# TapWeight

The code is an implementation of the TapWeight framework.

The molreweight repo contains the code of applying TapWeight to molecule property prediction.

The nlureweight repo contains the code of applying TapWeight to natural language understanding.

## Molecule Property Prediction

The code is based on the Imagemol [repo](https://github.com/HongxinXiang/ImageMol). To run the scripts, please follow instructions in processing data in Imagemol and put data path into the script.

To run the TapWeight framework, use the reweight_cls.sh script for classification tasks and reweight_reg.sh for regression tasks. 

We also provided an implementation of bi-level optimization framework (reweight_blo.py)  mentioned in ablation study section.  
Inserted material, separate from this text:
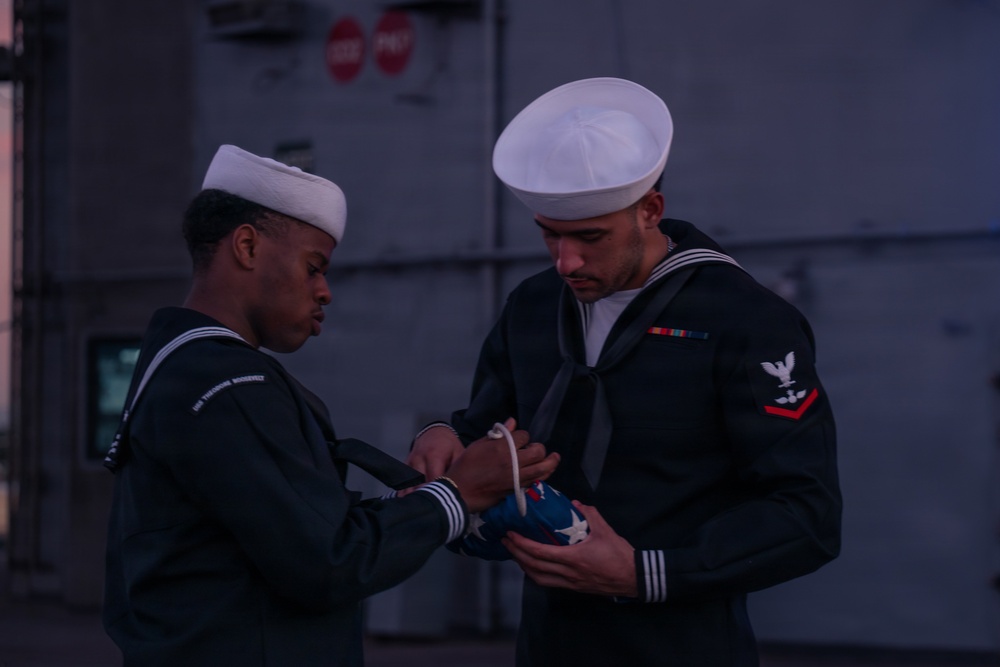 USS Theodore Roosevelt Colors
## Natural Language Understanding

The code is based on the SimCSE [repo](https://github.com/princeton-nlp/SimCSE). To run the scripts, please follow instructions in processing data in SimCSE and put data path into the script.

To run the TapWeight framework, use the main.sh script.

## Retraining

TapWeight is a task-adaptive pretraining framework, so it is necessary to perform finetuning after running TapWeight to achieve optimal performance. For the two application above, implementation of finetuning can be found in their original repo. 

For example, the Imagemol repo contains code and instructions on how to finetune a checkpoint on a custom downstream dataset. To conduct retraining for TapWeight, simply replace the Imagemol checkpoint with TapWeight checkpoint.